I find Roman history interesting, like most ancient history, but I have never really studied it, so I don't know how accurate Robert Graves' famous set of novels is. I, Claudius, being one of the earliest popular modern historicals, tells the story of the Roman Emperor Claudius, with Claudius as the first-person narrator of his own biography. In general the historical details seem to fit what I was able to glean about him, though obviously the words, thoughts and specific day to day events that Graves attributes to him are fictional.
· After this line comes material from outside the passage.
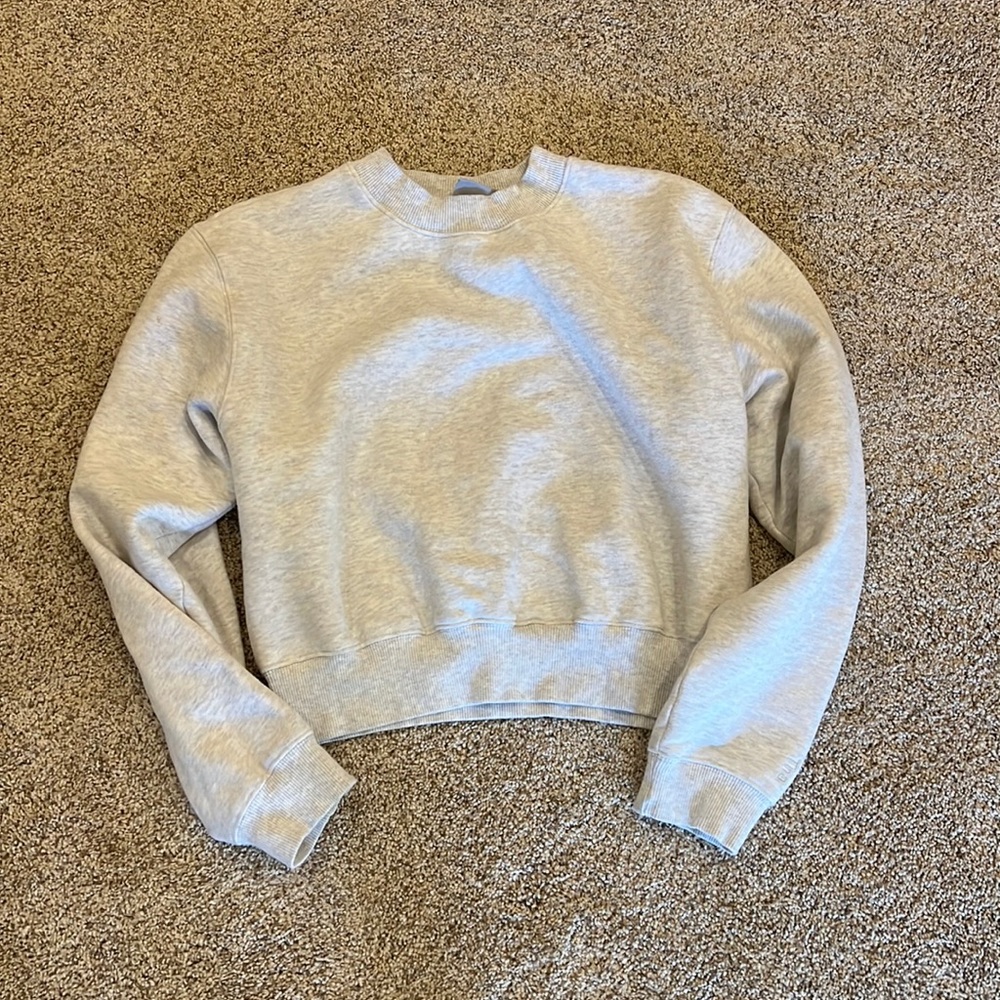 Aritzia TNA cozy fleece crop grey crew neck sweatshirt size S like new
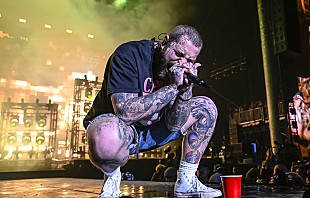 「ポスト・マローン、米アトランタ公演で足首を負傷」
Claudius was lame, sickly, and a stutterer. Everyone assumed this meant he was also feeble-witted and useless. In the era in which he grew up among the Roman nobility, this likely saved him — while everyone was jockeying for position and trying to position themselves or their heirs for the throne, nobody considered "Lame Uncle Claudius" a threat. So he was witness to the rise and fall of many a senator and would-be emperor, and while bodies fell around him, nobody ever quite got around to killing him off. The joke was on them when, after Caligula's Praetorian guard had had enough and finally offed him, Claudius was the only (seemingly) pliable Roman of noble blood around. They installed him as Emperor, and that's how I, Claudius ends. I started this book just wanting to see how the classic was (I only knew of it as an old BBC serial), and it was really good.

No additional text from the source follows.